Se a gente precisava de um gol, ele apareceu! Léo Pereira, nosso zagueiro-artilheiro, atacou novamente. Durante a partida, ele já vinha fazendo um bom trabalho na defesa, travando um duelo particular intenso com o atacante Luciano e ganhando a maioria. Mas zagueiro que é zagueiro no Mengão também decide lá na frente. Após cobrança de escanteio perfeita do garoto Lorran, o maestro Arrascaeta desviou de cabeça e a bola encontrou Léo Pereira, que não perdoou. É isso! Bola parada também é arma do Mais Querido!
A Falha que Dói na Alma: O Vacilo de Vitão
Ah, Vitão… dói falar disso. Ele até vinha fazendo uma partida segura, bloqueando chutes, rebatendo cruzamentos. Mas no futebol de alto nível, um segundo de desatenção é fatal. E foi o que aconteceu. No lance do gol deles, ele simplesmente esqueceu de Calleri, que apareceu nas suas costas para cabecear sozinho. Uma falha de posicionamento primária, que não pode acontecer. Para piorar, depois do gol, parece que ele sentiu o golpe e começou a dar uns passes na fogueira ali atrás, quase complicando ainda mais. É levantar a cabeça, mas precisa servir de lição. No Flamengo, não se pode vacilar.
Altos e Baixos do Resto do Time
O jogo foi uma montanha-russa para vários dos nossos atletas. Rossi, por exemplo, quase não foi exigido, mas teve uma saída ruim do gol em uma sobra de escanteio que nos deixou com o coração na mão. Arrascaeta, mesmo entrando no segundo tempo, mostrou porque é gênio. Em poucos minutos, já deu a assistência para o gol de Léo Pereira. A classe é permanente.
O garoto Lorran, escalado na vaga de Plata, mostrou personalidade. Teve boa movimentação, buscou o jogo e foi fundamental ao cobrar o escanteio do nosso gol. Pecou um pouco na finalização, mas a atitude é o que conta. Já nosso camisa 9, Pedro, teve uma noite difícil. Bem marcado pela zaga do São Paulo, participou pouco. Na única chance clara que teve, uma cabeçada, obrigou o goleiro Rafael a fazer uma grande defesa. Esperamos mais do nosso artilheiro.
Bruno Henrique também esteve sumido em campo, assim como um dos substitutos que entrou pela direita e mal tocou na bola. Nem todos conseguiram entrar na mesma sintonia de Pulgar e Lino, e essa irregularidade nos custou os três pontos.

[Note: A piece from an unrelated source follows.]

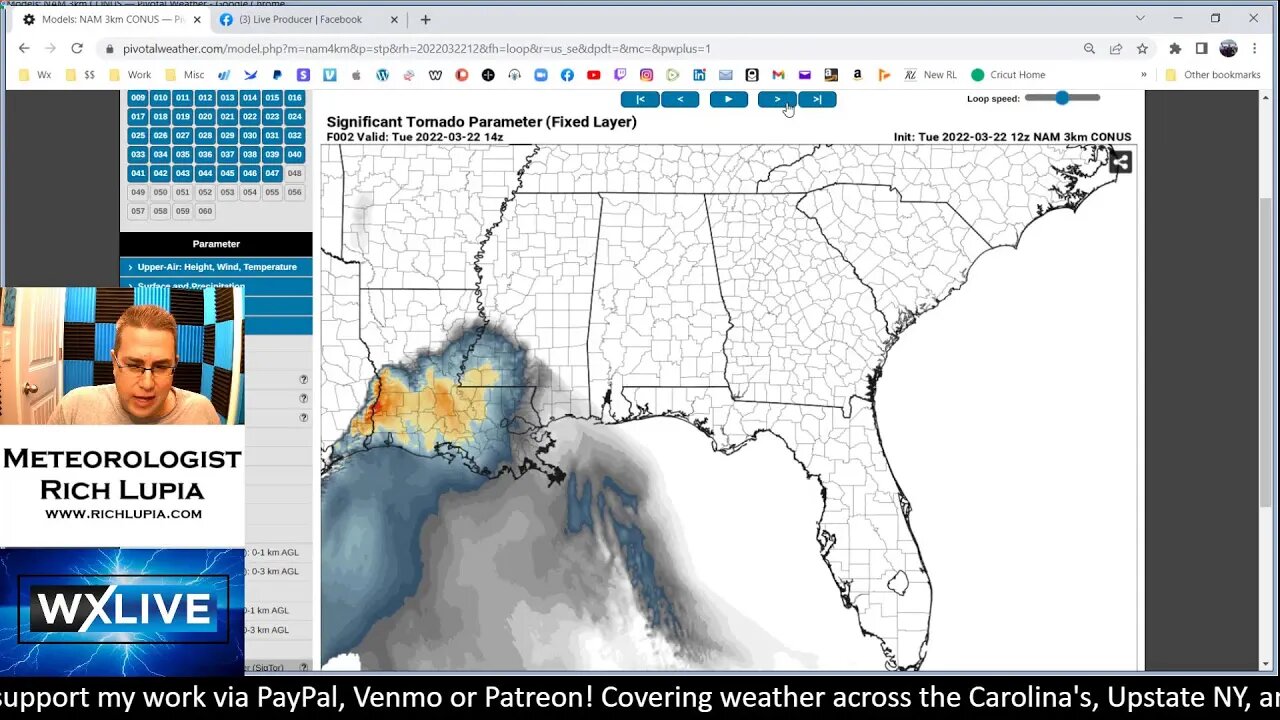 WxLive Tuesday 3/22/22 1015 AM Update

E o Comando? As Decisões do Técnico em Xeque
Não dá para passar pano para o comando técnico. O Flamengo do primeiro tempo foi irreconhecível, um time apático e que errava demais. O time voltou melhor depois do intervalo, com alguns ajustes de posicionamento, é verdade. Mas a pergunta que fica na cabeça de todo rubro-negro é: por que demorou TANTO para mexer no time? As substituições vieram tarde demais, quando o adversário já estava confortável. Faltou ousadia e uma leitura mais rápida do que o jogo pedia. É preciso mais!
No fim, fica a sensação de que o empate foi ruim. Com a bola que jogaram Pulgar e Lino, e com a força da nossa Nação, a vitória era obrigação. Que os erros sirvam de aprendizado, porque o Brasileirão não perdoa. Pra cima deles, Mengão!
Informações com base em reportagem do ge.globo.com.